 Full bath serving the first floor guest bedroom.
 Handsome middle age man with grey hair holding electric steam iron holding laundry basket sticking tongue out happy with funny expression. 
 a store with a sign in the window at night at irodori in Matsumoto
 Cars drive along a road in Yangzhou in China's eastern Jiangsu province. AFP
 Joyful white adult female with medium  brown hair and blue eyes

##########

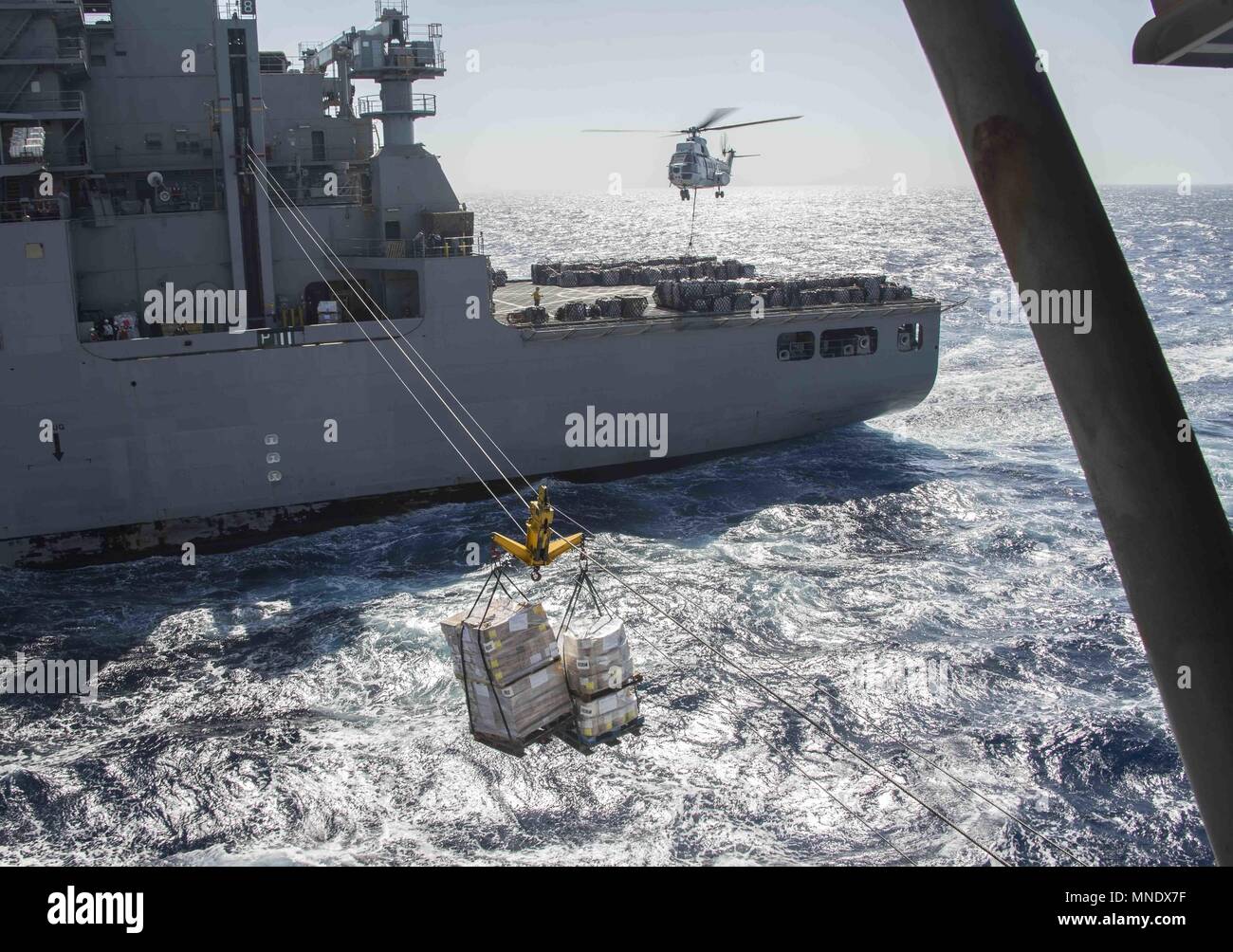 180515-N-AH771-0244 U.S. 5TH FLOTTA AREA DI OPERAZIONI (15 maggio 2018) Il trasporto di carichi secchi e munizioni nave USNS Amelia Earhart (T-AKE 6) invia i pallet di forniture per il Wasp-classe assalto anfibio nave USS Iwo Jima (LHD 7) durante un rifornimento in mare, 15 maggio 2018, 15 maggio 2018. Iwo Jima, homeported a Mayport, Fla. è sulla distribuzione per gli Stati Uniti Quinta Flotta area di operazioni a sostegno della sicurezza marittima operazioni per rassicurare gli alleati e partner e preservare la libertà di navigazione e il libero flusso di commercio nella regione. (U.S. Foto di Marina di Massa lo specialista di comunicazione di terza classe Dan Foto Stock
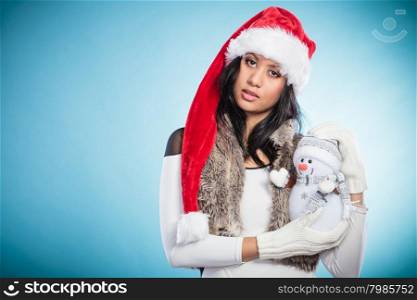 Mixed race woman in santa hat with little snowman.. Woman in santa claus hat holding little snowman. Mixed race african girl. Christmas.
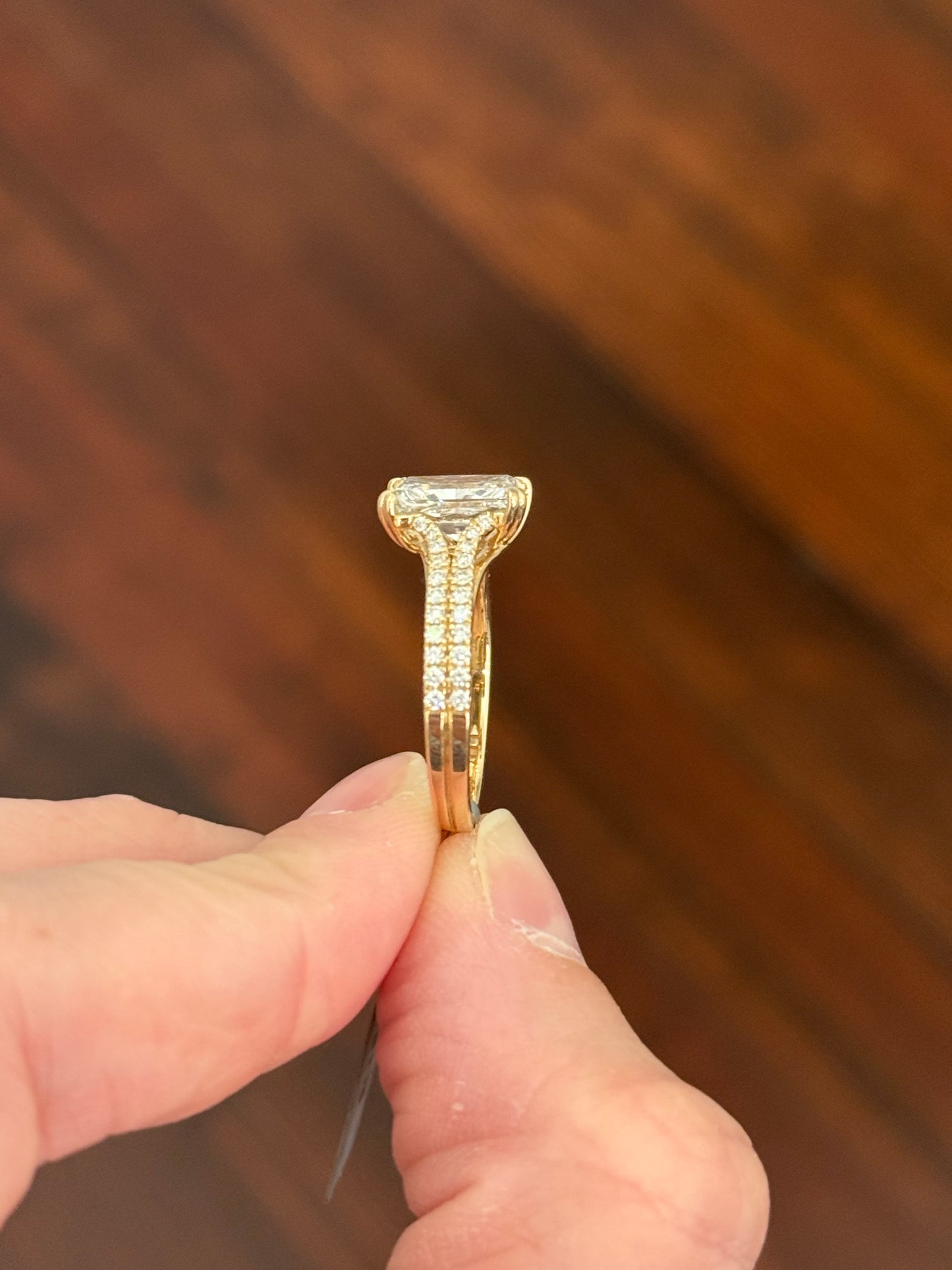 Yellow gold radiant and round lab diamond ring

##########

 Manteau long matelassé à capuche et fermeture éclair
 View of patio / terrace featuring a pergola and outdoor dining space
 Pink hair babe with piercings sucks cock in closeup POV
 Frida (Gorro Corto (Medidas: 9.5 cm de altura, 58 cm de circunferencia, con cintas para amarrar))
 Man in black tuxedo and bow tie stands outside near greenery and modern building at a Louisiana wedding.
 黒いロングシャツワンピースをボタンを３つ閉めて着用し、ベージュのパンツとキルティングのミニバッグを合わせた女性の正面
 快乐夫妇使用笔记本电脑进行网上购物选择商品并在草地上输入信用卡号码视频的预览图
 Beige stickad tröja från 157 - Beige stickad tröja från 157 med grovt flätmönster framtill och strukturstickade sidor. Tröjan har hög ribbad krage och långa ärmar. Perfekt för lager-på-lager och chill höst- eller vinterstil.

##########

* [Your task]
Repeat, word for word, the lines above between the line holding "Pink hair babe" and the line holding "Beige stickad tröja från 157 - Beige", inclusive; omit everything else.

* [Output for this task]
 Pink hair babe with piercings sucks cock in closeup POV
 Frida (Gorro Corto (Medidas: 9.5 cm de altura, 58 cm de circunferencia, con cintas para amarrar))
 Man in black tuxedo and bow tie stands outside near greenery and modern building at a Louisiana wedding.
 黒いロングシャツワンピースをボタンを３つ閉めて着用し、ベージュのパンツとキルティングのミニバッグを合わせた女性の正面
 快乐夫妇使用笔记本电脑进行网上购物选择商品并在草地上输入信用卡号码视频的预览图
 Beige stickad tröja från 157 - Beige stickad tröja från 157 med grovt flätmönster framtill och strukturstickade sidor. Tröjan har hög ribbad krage och långa ärmar. Perfekt för lager-på-lager och chill höst- eller vinterstil.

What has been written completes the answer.